__Task to complete__
Which lines in the records below contain the word "Case"? Copy each of them.

__Records__
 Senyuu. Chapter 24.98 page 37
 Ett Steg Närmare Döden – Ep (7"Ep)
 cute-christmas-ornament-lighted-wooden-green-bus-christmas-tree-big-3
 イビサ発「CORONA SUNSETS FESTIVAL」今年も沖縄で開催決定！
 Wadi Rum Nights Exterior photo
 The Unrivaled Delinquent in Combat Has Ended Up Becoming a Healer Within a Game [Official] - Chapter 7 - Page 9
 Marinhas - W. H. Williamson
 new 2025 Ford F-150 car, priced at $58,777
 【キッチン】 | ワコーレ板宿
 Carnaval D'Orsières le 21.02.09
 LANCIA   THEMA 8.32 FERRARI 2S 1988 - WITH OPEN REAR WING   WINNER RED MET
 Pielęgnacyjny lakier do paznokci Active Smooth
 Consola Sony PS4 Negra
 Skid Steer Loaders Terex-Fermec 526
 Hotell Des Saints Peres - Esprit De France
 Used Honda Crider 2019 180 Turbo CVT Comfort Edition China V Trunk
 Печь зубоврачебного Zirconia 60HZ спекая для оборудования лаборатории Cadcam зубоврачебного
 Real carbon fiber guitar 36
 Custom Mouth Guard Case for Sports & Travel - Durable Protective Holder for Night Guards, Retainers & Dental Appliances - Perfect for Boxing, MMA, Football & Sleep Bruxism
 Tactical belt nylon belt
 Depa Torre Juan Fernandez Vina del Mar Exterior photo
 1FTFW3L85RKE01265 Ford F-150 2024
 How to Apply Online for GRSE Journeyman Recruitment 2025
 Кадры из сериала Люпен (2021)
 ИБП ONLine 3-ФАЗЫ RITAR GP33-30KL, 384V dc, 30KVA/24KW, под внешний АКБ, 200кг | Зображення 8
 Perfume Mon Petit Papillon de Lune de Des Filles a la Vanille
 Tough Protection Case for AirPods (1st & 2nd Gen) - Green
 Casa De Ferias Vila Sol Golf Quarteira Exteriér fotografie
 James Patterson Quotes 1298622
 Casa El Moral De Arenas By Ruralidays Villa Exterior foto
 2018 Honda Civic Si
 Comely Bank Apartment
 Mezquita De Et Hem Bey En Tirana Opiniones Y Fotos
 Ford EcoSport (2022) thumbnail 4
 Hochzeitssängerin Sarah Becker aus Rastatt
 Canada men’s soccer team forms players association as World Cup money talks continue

__Written response__
 Custom Mouth Guard Case for Sports & Travel - Durable Protective Holder for Night Guards, Retainers & Dental Appliances - Perfect for Boxing, MMA, Football & Sleep Bruxism
 Tough Protection Case for AirPods (1st & 2nd Gen) - Green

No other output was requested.